Although foam is not directly related to washing, in some cases, foam can still help remove dirt. For example, when washing dishes by hand, the foam of the washing liquid can carry away the washed oil droplets. When scrubbing carpets, foam can also take away solid dirt particles such as dust. Dust accounts for a large proportion of carpet dirt, so carpet cleaners should have a certain foaming ability.
Foaming power is also important for shampoos. The fine foam produced by the liquid during shampooing or bathing makes people feel lubricated and comfortable.
④ Types of fibers and physical properties of textiles
In addition to the chemical structure of the fiber affecting the adhesion and removal of dirt, the appearance of the fiber and the organizational structure of the yarn and fabric also have an impact on the ease of dirt removal.

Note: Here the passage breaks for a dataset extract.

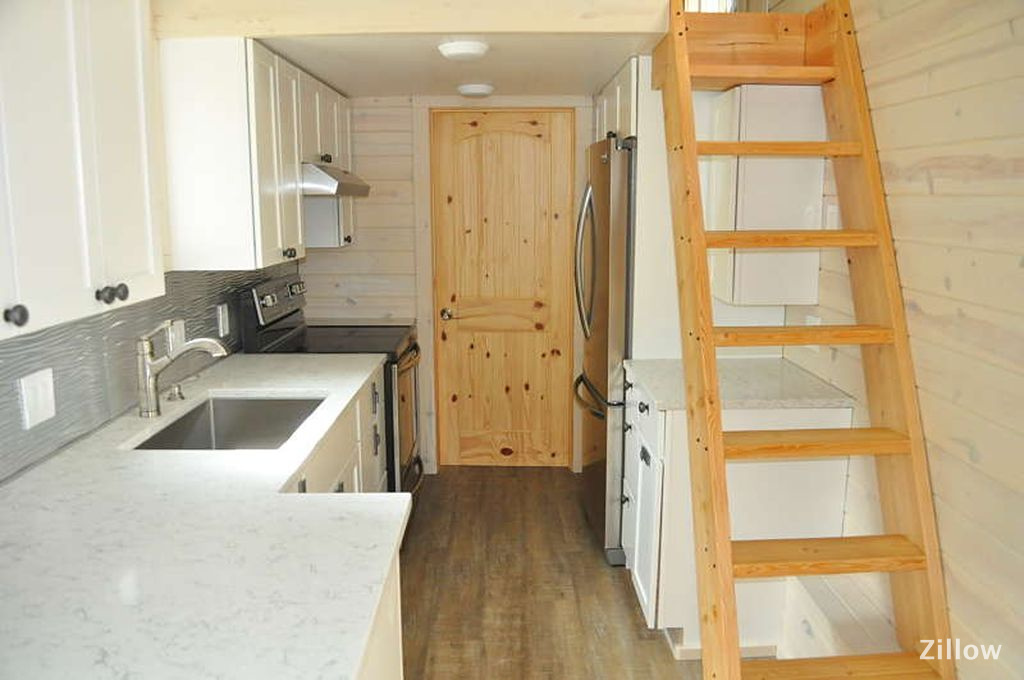 TINY HOUSE TOWN Sandpoint Tiny House (261 Sq Ft)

The scales of wool fibers and the curved, flat ribbon-like structure of cotton fibers accumulate dirt more easily than smooth fibers. For example, carbon black stained on cellulose film (viscose film) is easy to remove, but carbon black stained on cotton fabric is difficult to remove. Another example is that polyester short fiber fabrics are easier to accumulate oil stains than long fiber fabrics, and oil stains on short fiber fabrics are also more difficult to remove than long fiber fabrics.
Tightly twisted yarns and compact fabrics can resist the intrusion of dirt due to the small micro-gaps between fibers, but they can also prevent the washing liquid from expelling internal dirt. Therefore, compact fabrics have good stain resistance at the beginning, but once stained, it is more difficult to wash.
⑤Water hardness
The concentration of metal ions such as Ca2 and Mg2 in water has a great influence on the cleaning effect. In particular, the calcium and magnesium salts formed by anionic surfactants when encountering Ca2 and Mg2 ions have poor solubility, which will reduce its decontamination ability. Even with higher concentrations of surfactants in hard water, the decontamination effect is still much worse than in distillation. In order for the surfactant to exert the best cleaning effect, the Ca2 ion concentration in the water must be reduced to less than 1×10-6mol/L (CaCO3 must be reduced to 0.1mg/L). This requires adding various water softeners to the detergent.